Windows 10 adoption keeps improving every month

Sep 1, 2020 16:56 GMT  ·  By

Windows 10 is more than five years old, and while its adoption improved slowly at first, things have changed completely these days.

We’ve known for a while that Windows 10 was the number one desktop operating system, but the latest statistics show that its growth keeps improving every single month, and there’s little the other platforms can do to stop this impressive market performance.

Not even Linux, the platform that recorded an important growth in the first half of the year, can slow down the adoption of Windows 10.

More specifically, Windows as a whole is now powering 86.98 percent of the entire PC market, while Linux currently runs on 2.69 percent of the devices out there. For Windows, this is actually a small decline from 87.03 percent in July, but for Linux, the drop has been massive, its previous market share was 3.57 percent.

And yes, you’ve guessed it right. macOS is the big winner of the whole thing, as it improved from 8.95 percent to 9.55 percent in just one month.

But this doesn’t mean anything for Windows 10. Microsoft’s latest operating system increased its share from 59.37 percent in July to 60.57 percent in August, so this is the first month when Windows 10 breaks the 60 percent milestone. This is an important achievement for the 2015 OS version, as it means that more than 6 in 10 PCs out there are now running Windows 10.

As for the reasons Windows 10 is growing at such a fast pace, there’s no doubt that the demise of Windows 7 contributed to its accelerated adoption in 2020.

Microsoft stopped releasing security updates for Windows 7 in January this year, with the company insisting for everyone to move to Windows 10. And while at first the transition progressed slowly, the migration is now gaining traction, especially in the enterprise world, so this is just the beginning of another spike in Windows 10 adoption. What this means is that Windows 10 is likely to grow even more in the coming months as more computers are upgraded from Windows 7.

The 2009 OS version dropped in just one month from 23.35 percent to 22.31 percent, according to NetMarketShare, so it lost more than 1 percent market share in only 30 days. The decline is massive for Windows 7, but on the other hand, this translates to faster adoption for Windows 10, and Microsoft has every reason to be happy about how things are going here.

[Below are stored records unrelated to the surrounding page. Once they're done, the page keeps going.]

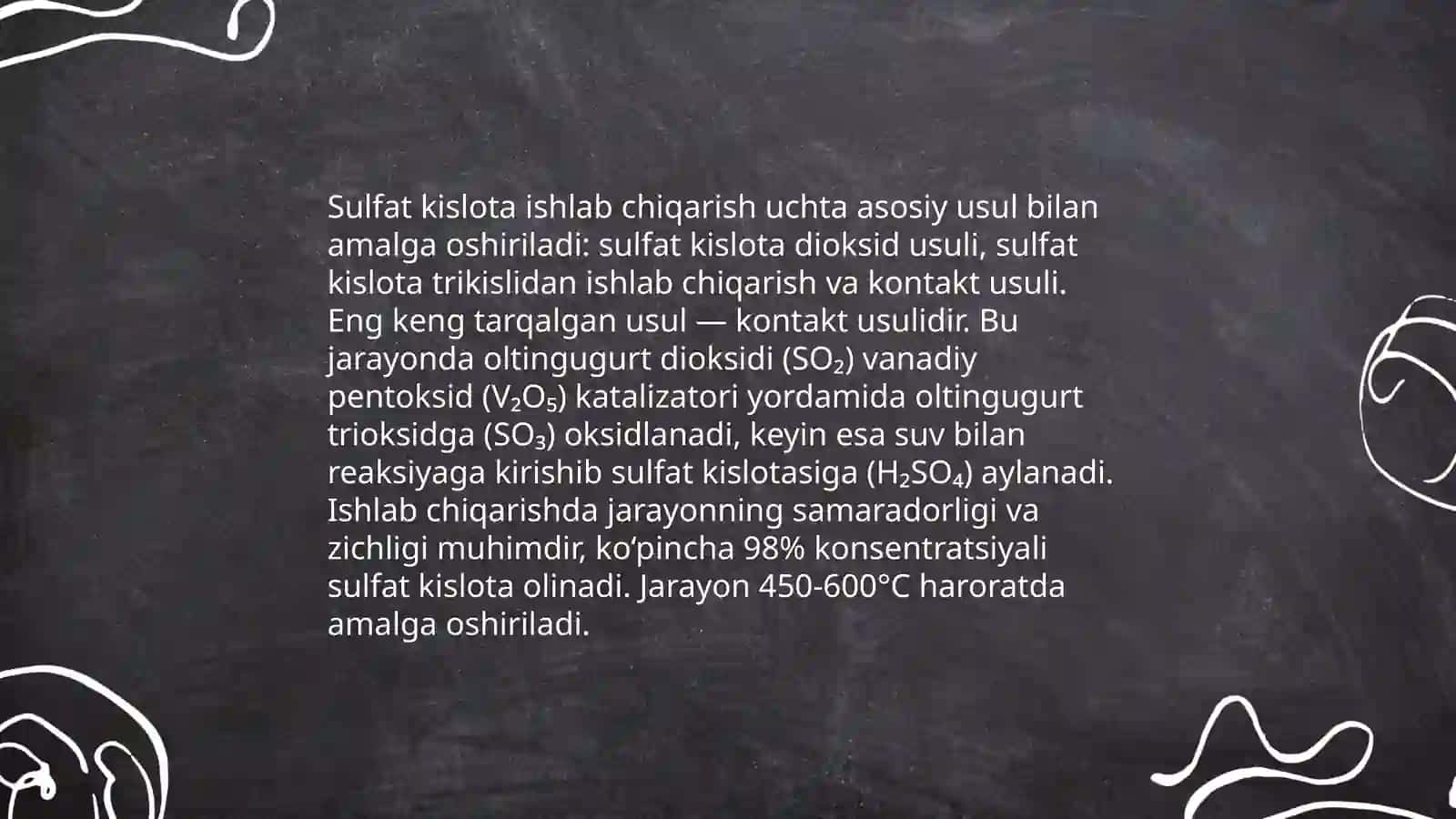 Sulfat kislota ishlab chiqarishda tashlandiq gazlarni kislota katalitik usul bilan tozalash 3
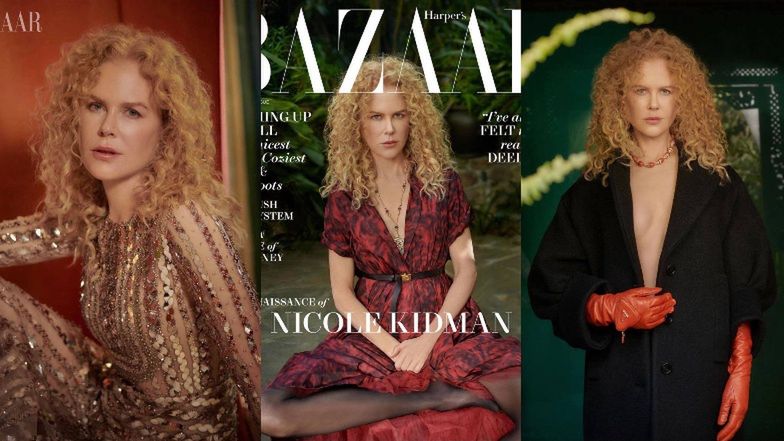 Posągowa Nicole Kidman z burzą rudawych loków świdruje magnetycznym spojrzeniem z okładki "Harper's Bazaar" (ZDJĘCIA)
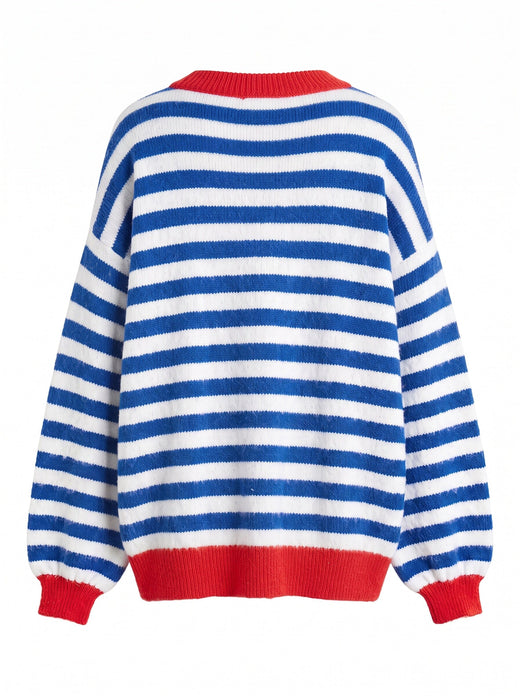 A-Bee - Savannah W6038 - Blue / White Stripe, Red Trim Strikbluser 
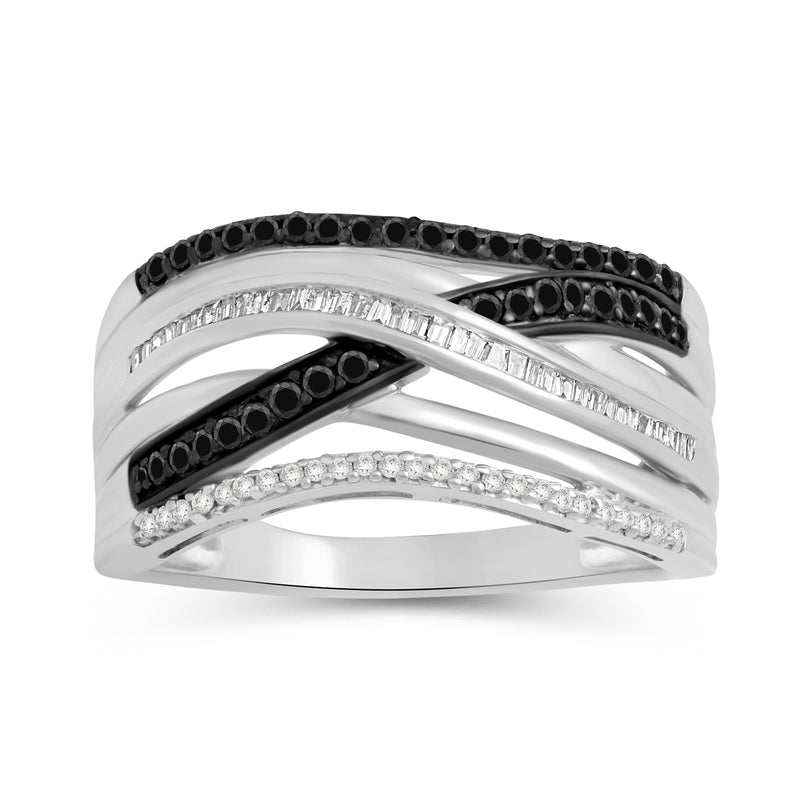 Jewelili Sterling Silver With 1/2 CTTW Treated Black Diamonds and White Diamonds Wedding Band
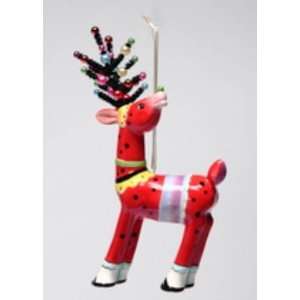  Appletree Design Deer in Red Ornament, 6 1/8 Inch Tall 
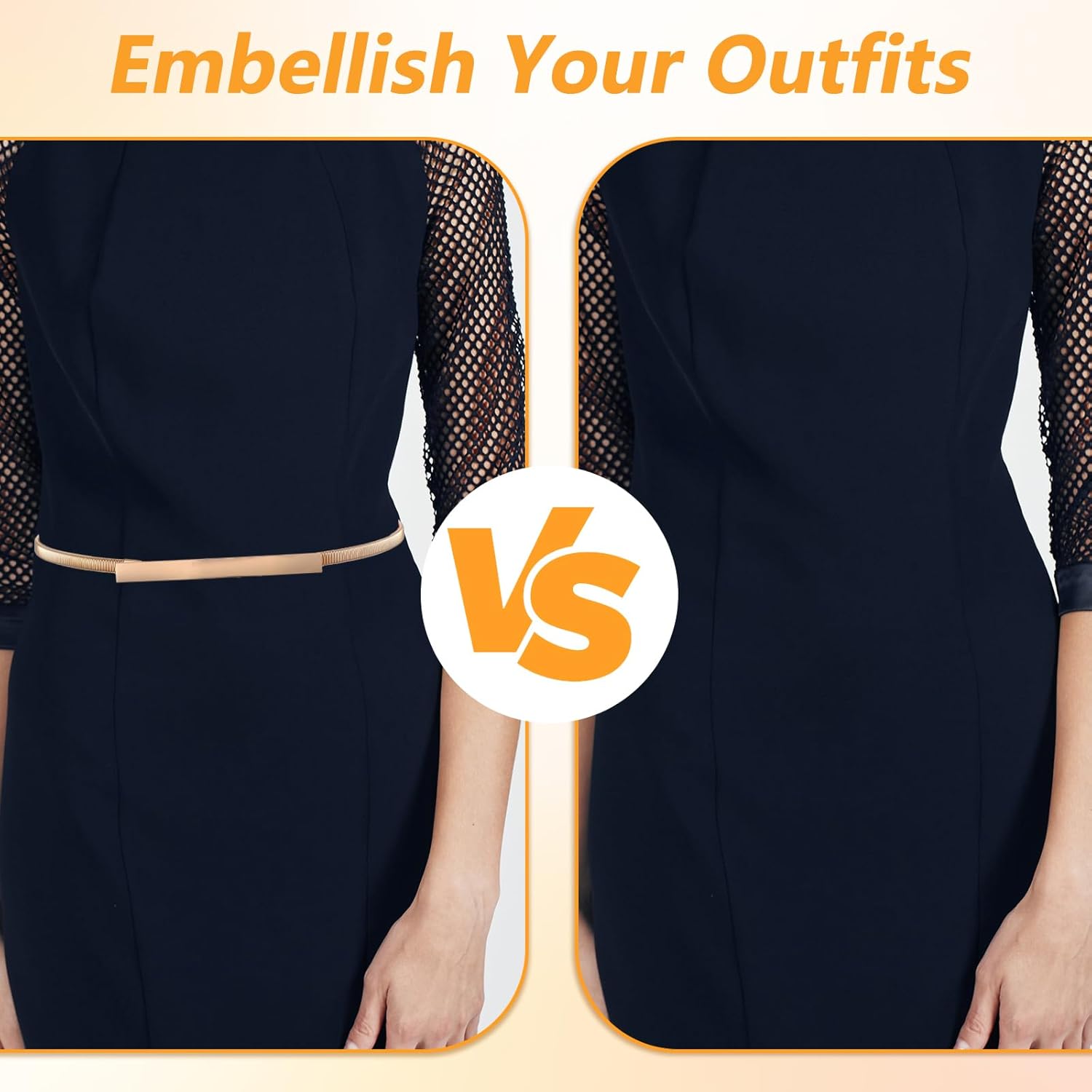 Skinny Metal Cinch Belt for Dress Fashion Retro Stretch Thin Waist Belt with Metal Buckle Gold Waistband Elastic Chain Belts for Women Girls - Image 6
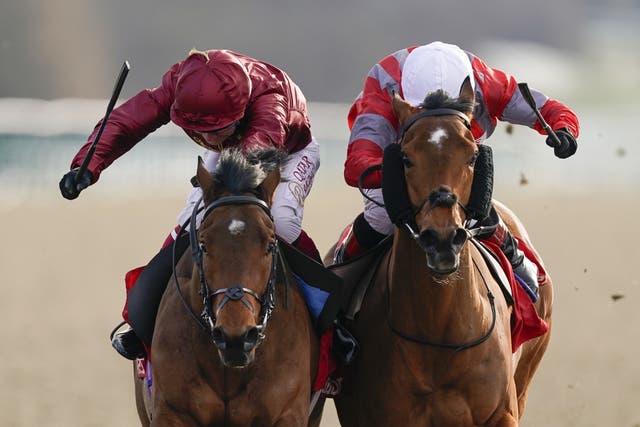 Twilight Heir ridden by Cieren Fallon (left) wins the Get Your Ladbrokes Daily Odds Boost Handicap at Lingfield Park Racecourse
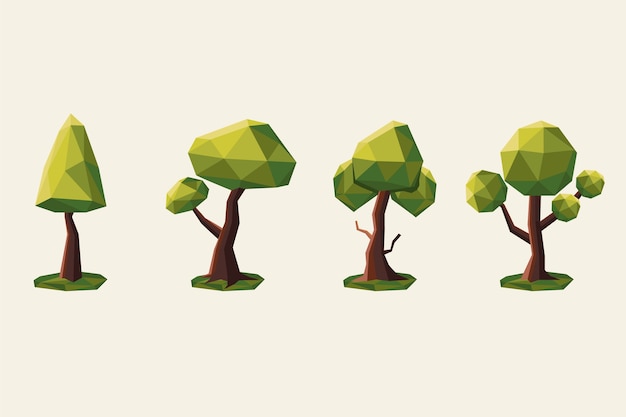 Ilustração de natureza de baixo poli de design plano
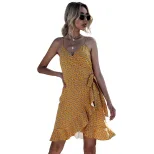 Floral Print Dress Asymmetrical Ruffle Hem Sleeveless Trendy Design Perfect for Summer Events Wh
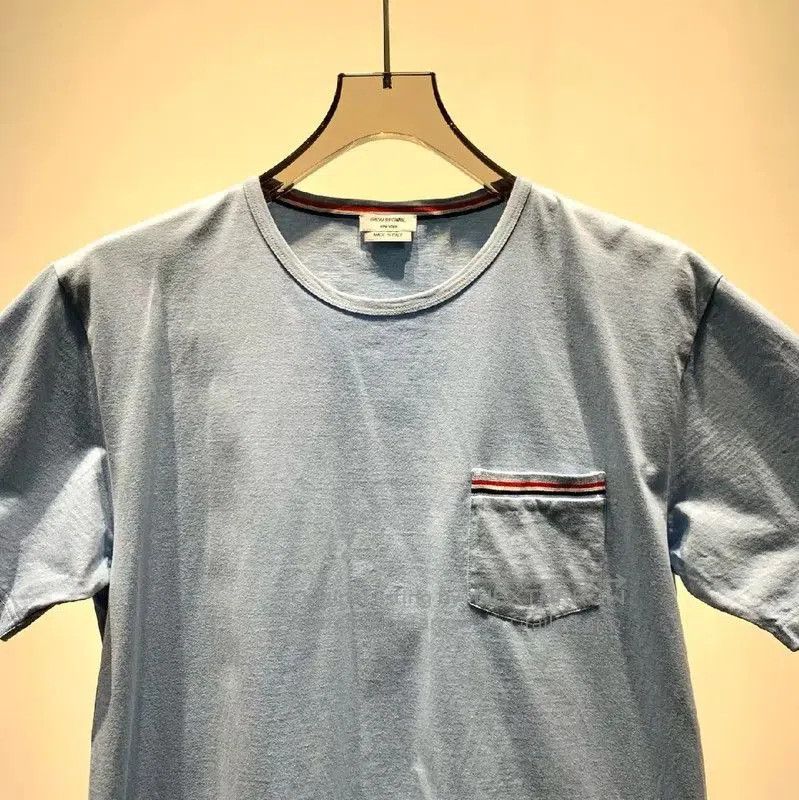 Thom Browne Thom Browne Blue Cotton Men's T-Shirt . Size US M / EU 48-50 / 2 - 3 Thumbnail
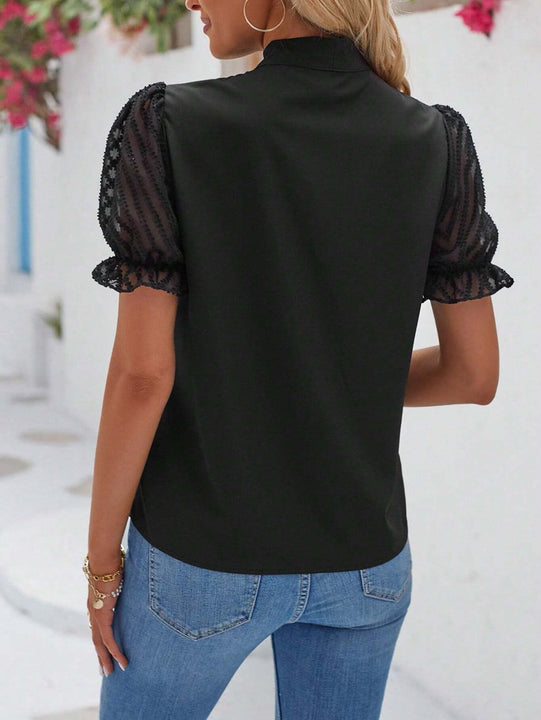 Camisa De Manga Abullonada Para Mujer Con Diseno De Lazada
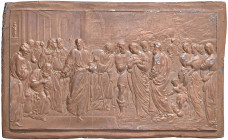 MILANO Placchetta uniface 1827 Gesù e l'Adultera, dal quadro del Tiziano - Opus: Francesco Putinati - Turricchia L.V. 152 - SN (g 251,00 - Ø 144x84 mm...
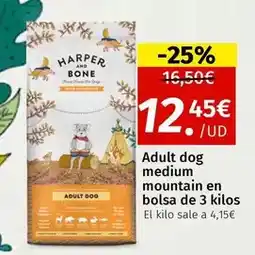 Maskom Supermercados Bone - adult dog medium mountain en bolsa de 3 kilos oferta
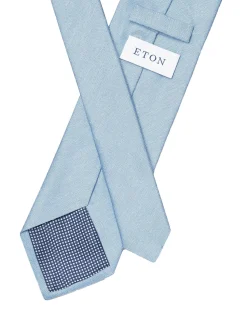 Tilbehør<Eton Solid Silk Linen Tie Slips Lyseblå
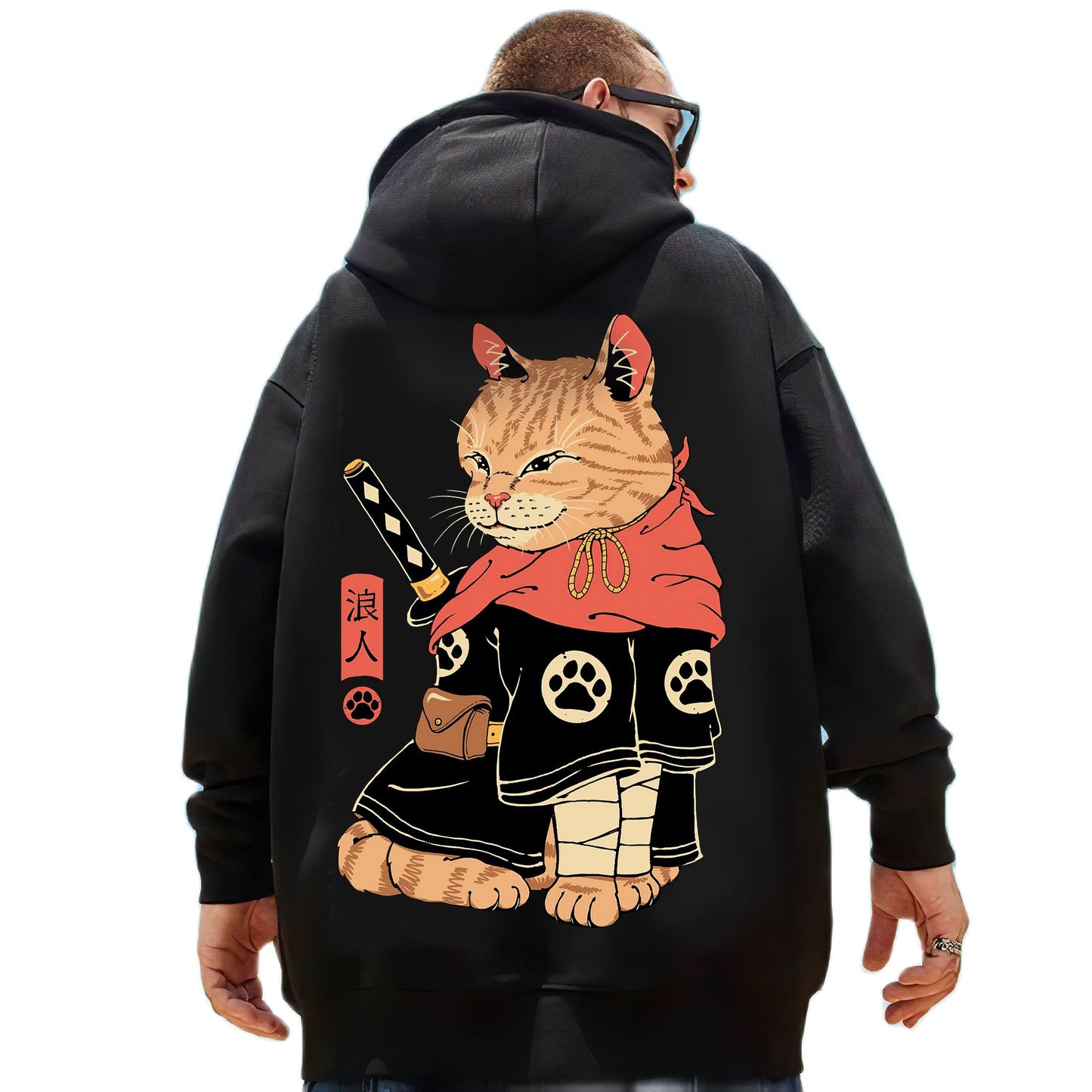 Samurai Cat and Other Animals Hooded Sweatshirts Japanese Irezumi Style Hoodies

In the meantime, Microsoft is also working around the clock on providing users with new feature updates for Windows 10, and the company clearly takes its time to make sure everything is running just the way they are supposed to run.

The May 2020 Update, or version 2004, was officially announced in May this year, and the rollout started later the same month with a staged approach. This means that devices were getting the new feature update in waves, and while general availability was expected during the summer, we’re still not there.

However, I expect GA to be reached rather sooner than later, as Microsoft is supposed to finalize another Windows 10 feature update as soon as this month. Called Windows 10 version 20H2, this new feature update is scheduled to be completed in September, while the rollout to production devices should kick off in October or November.

Needless to say, the rollout will happen in stages as well, so once again the devices out there will be updated with Windows 10 version 20H2 gradually.